Born in Florence, Alabama, Harryette Mullen spent most of her childhood in Fort Worth, Texas. She earned her degrees in English and in Literature from the University of Texas, Austin and the University of California, Santa Cruz. For several years she worked in the Artists in Schools program sponsored by the Texas Commission on the Arts, and for another six years she taught African-American and other US ethnic literatures at Cornell University before becoming a professor at the University of California Los Angeles, where she teaches African-American literature and creative writing.

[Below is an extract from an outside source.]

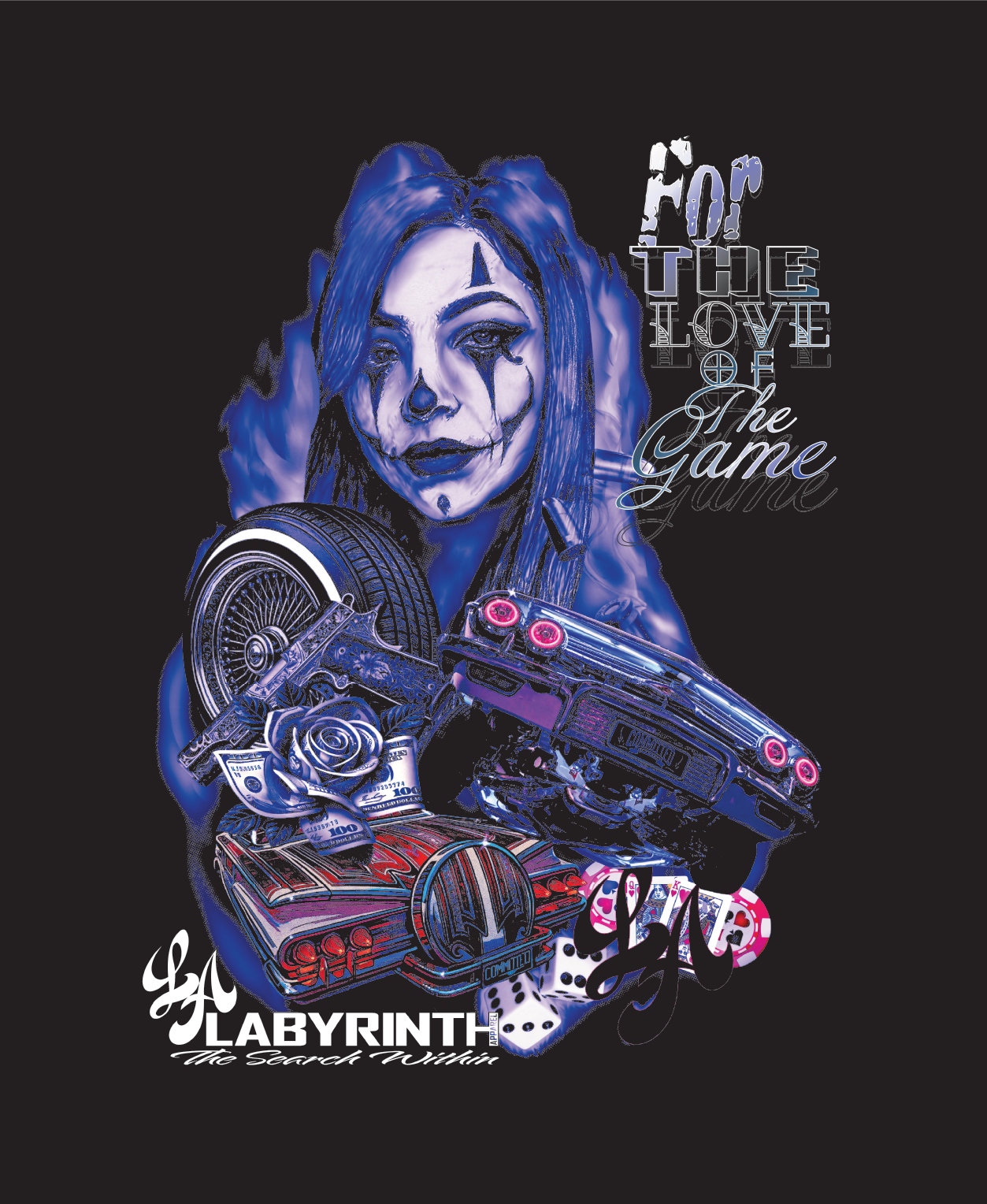 FOR THE LOVE OF THE GAME - BLACK TEE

     Her first book was Tree Tall Woman in 1981, but it was her second and third titles, Trimmings in 1991 and S*PeRM**K*T in 1992 that brought her national attention as a poet. Muse & Drudge followed in 1995, and in 2002 she gained further fame as a finalist for the National Book Award for her collection Sleeping with the Dictionary. A volume of her earlier work, Blues Baby was published in the same year.

     Mullen has received several major grants and awards, including artist grants from the Texas Institute of Letters, the Helene Wurlitzer Foundation of New Mexico, and a Rockefeller Fellowship from the Susan B. Anthony Institute for Women’s Studies at the University of Rochester.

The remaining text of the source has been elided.